This and That

By Lisa Baker

This post is a little of this and a little of that.  My family and I celebrated my Dad’s 81st birthday this month.  We were able to use the family room at his facility to celebrate in.  All of his remaining siblings were able to come. He did not realize that it was his birthday so it was indeed a surprise.


We all had a good time visiting with Dad.  I made his favorite cake.  A Japanese fruit cake.  This is usually made as a layer cake.  To make it easier to carry I made it in a 9 by 13 pan as a single layer cake.  Dad gave me a wonderful compliment.  He said it was as good as his Mom’s.  Over the years I have often made this same cake for him.  Always he would tell me it’s not quite as good as his Mom’s.  So to me that was rewarding and a memory I’ll never forget.

Of course, during the celebration Dad kept saying that he wanted to pack up his things and go home with one of us when it was time to go.  We had to keep telling him to just hold on and enjoy your party.  We had to leave one at a time while whomever was left kept him busy talking.  It was a good day.

Now a little of that.  During the week leading up to Dads birthday we had some water issues at home.  I’m living in Mom and Dad’s house now.  We didn’t have hot water one night.  So, there I was trying to figure out what was wrong as well as who have they called in the past for water issues.  They are both at a point where if I had asked them I wouldn’t have gotten the answer.  I called my neighbor which is also my cousin and ask her who she used.  She was able to give me a name and number of a gentleman that proved to be honest and fair to help us out.  The problem was an easy fix.  But while he was here he was able to tell that we also had another issue brewing.  He was able to fix that as well.  It was more than we expected but keeps the second issue from becoming an emergent fix later on.  Now we have the name of an excellent plumber.

I’m starting a book with names and numbers for different things that need to be serviced at the house.  Just one more thing that you miss when you realize your parents both have dementia so you can’t rely on being able to ask them.

bookI’ve also finished reading a book that some of you may find very helpful.  The 36-Hour Day.
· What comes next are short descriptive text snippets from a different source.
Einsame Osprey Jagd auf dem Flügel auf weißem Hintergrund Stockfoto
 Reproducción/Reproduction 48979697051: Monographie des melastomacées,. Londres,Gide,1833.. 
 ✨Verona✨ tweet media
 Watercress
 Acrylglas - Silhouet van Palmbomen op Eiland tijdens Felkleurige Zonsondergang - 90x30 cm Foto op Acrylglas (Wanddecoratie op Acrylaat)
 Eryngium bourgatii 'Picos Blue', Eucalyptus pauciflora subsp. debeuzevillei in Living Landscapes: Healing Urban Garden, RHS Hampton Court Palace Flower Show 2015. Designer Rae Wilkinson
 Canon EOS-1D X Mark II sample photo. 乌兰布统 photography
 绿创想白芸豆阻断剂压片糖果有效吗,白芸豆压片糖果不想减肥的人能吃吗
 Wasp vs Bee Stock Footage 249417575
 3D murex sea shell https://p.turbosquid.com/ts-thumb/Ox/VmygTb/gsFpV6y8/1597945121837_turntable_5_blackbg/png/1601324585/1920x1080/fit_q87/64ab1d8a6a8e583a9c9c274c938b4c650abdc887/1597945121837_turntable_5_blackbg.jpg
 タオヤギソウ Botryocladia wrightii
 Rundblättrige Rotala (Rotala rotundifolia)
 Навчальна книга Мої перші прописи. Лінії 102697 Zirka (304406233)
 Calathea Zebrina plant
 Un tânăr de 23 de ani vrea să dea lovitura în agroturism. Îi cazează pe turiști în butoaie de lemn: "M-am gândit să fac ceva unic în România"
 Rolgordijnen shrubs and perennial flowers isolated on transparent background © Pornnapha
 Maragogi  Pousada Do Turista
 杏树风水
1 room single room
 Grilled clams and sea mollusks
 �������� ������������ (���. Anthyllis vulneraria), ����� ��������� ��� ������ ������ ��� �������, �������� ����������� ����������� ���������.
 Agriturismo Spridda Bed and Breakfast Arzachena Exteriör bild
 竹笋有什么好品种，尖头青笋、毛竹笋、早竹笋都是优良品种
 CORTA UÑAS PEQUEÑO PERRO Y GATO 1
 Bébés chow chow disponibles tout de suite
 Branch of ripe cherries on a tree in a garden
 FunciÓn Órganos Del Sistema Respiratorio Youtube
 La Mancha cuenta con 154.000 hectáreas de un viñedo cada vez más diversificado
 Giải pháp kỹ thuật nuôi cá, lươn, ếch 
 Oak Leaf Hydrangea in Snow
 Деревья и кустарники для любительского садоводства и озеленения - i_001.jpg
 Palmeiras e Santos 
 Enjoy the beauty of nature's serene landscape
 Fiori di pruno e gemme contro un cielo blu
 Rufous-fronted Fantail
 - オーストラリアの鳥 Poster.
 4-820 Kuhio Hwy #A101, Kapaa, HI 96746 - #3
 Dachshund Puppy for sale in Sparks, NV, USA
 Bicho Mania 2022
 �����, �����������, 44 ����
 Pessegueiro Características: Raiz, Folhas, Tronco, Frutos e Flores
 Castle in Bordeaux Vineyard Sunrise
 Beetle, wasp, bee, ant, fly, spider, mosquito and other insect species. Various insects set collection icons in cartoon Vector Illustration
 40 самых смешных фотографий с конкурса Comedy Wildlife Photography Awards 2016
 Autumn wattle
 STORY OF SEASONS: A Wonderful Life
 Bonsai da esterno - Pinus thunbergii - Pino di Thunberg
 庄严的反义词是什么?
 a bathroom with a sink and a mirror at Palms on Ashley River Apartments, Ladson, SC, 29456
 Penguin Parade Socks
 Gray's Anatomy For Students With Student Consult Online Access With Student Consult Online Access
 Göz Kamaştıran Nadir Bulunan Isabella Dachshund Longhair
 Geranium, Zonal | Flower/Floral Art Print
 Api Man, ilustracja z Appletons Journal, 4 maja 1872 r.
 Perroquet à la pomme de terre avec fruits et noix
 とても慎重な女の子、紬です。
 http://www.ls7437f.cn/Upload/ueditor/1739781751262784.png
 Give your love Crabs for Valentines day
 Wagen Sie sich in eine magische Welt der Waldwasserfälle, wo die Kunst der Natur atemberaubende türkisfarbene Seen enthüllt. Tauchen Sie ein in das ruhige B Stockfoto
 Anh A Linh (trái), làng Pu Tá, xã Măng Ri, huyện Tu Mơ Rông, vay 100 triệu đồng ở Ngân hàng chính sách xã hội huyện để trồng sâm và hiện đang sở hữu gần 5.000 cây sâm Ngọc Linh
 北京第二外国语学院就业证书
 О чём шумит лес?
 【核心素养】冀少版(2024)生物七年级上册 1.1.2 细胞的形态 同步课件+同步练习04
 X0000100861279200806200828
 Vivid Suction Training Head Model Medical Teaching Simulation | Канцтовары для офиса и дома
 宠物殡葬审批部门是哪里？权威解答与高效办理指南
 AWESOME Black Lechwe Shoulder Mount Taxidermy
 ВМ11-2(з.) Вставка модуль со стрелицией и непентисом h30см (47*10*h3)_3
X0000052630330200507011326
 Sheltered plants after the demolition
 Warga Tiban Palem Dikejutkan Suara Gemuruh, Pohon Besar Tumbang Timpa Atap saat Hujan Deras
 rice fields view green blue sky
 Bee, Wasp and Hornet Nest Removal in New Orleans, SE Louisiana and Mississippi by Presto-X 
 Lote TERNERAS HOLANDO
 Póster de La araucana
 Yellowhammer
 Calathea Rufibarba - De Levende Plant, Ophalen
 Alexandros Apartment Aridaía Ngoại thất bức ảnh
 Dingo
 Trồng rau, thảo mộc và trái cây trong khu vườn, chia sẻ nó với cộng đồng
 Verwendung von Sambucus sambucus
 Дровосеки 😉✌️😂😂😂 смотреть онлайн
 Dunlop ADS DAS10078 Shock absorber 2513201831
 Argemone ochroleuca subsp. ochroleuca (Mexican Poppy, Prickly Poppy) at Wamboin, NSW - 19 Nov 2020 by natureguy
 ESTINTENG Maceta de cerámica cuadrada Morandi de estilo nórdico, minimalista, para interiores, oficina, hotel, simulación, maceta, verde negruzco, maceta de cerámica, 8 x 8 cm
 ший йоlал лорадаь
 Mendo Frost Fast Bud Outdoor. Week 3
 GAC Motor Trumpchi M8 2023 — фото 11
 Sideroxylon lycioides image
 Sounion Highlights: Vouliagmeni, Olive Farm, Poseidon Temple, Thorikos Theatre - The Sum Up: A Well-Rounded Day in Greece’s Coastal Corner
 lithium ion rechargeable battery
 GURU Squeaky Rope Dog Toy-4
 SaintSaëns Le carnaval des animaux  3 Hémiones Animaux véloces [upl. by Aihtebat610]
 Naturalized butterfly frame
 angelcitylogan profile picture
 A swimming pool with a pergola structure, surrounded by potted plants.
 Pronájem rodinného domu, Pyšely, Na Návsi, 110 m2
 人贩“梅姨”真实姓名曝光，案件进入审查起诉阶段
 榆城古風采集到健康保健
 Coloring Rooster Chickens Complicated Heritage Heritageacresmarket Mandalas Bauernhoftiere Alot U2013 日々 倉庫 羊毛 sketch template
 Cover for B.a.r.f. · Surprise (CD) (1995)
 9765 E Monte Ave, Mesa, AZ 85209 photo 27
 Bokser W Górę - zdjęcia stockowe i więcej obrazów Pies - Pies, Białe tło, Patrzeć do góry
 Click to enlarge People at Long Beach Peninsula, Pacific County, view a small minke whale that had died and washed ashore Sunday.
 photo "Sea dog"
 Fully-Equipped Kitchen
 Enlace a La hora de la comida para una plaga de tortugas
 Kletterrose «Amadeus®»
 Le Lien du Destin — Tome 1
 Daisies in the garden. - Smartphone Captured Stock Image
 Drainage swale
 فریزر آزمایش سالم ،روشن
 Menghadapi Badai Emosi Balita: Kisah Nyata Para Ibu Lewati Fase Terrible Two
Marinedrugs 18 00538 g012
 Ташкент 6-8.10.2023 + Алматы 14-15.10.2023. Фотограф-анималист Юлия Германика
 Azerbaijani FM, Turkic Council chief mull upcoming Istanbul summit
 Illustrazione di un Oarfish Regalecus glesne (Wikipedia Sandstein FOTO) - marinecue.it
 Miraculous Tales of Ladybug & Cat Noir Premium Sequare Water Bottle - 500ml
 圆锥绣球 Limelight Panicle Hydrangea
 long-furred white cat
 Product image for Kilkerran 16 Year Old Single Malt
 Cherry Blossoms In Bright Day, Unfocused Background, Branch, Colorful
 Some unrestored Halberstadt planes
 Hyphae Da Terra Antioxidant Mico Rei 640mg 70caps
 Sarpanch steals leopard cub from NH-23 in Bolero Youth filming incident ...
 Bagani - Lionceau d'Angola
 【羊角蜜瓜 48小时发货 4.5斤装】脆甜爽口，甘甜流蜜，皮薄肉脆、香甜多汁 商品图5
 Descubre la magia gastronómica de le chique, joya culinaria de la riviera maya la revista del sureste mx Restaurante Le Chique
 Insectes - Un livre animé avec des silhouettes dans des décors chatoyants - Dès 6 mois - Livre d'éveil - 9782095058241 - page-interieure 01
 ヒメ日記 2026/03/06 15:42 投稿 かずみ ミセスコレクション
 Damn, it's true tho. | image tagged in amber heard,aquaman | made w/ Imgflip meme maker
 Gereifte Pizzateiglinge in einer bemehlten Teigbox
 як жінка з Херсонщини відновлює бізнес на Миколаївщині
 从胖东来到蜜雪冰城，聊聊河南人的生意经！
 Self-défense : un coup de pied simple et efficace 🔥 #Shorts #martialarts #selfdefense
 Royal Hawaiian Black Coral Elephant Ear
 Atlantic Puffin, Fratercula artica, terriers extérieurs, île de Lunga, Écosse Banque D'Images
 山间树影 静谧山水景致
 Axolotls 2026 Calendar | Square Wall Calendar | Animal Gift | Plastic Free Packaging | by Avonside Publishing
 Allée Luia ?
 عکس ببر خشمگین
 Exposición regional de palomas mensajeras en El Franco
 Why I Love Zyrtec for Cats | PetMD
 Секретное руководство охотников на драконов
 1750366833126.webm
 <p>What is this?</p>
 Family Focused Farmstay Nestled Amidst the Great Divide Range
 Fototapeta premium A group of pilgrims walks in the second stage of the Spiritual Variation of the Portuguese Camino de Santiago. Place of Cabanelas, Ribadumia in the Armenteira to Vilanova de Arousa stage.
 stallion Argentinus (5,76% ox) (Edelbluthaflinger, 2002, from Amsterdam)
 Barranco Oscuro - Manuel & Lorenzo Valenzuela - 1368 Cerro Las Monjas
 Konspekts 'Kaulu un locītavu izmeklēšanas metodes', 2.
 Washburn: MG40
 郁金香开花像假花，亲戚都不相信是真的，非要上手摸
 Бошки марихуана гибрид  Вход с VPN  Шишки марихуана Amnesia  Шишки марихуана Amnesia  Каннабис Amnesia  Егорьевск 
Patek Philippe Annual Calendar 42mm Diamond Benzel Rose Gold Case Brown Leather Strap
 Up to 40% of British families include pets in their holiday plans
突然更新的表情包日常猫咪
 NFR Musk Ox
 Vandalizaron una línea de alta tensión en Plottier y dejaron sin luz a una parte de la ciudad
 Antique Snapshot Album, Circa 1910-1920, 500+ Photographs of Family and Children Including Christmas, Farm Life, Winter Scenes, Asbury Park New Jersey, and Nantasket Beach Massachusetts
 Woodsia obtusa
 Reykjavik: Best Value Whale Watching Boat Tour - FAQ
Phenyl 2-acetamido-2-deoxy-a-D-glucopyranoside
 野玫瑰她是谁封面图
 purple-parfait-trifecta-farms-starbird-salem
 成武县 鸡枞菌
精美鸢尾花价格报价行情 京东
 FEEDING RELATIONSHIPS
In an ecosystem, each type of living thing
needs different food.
By Nancy L. Mace, MA and Peter V. Rabin’s, MD, MPH. I got my copy online.  I think it cost me around $6.00 or so because it was a used copy. It’s a very good book.

Life is ever so full and ever so busy.  My parents both want each of us to visit every day for several hours each day.  They no longer fully understand that we also have to work and take care of our families as well.  I run out of hours.  I could use a 36-hour day in order to accomplish everything I need to do as well as spend time with each of them.

You start to feel very overwhelmed with everything.  Even with having them both in a facility they are constantly on my mind.  There isn’t a day that goes by that I’m not doing something involving them, from visiting with them to paying bills.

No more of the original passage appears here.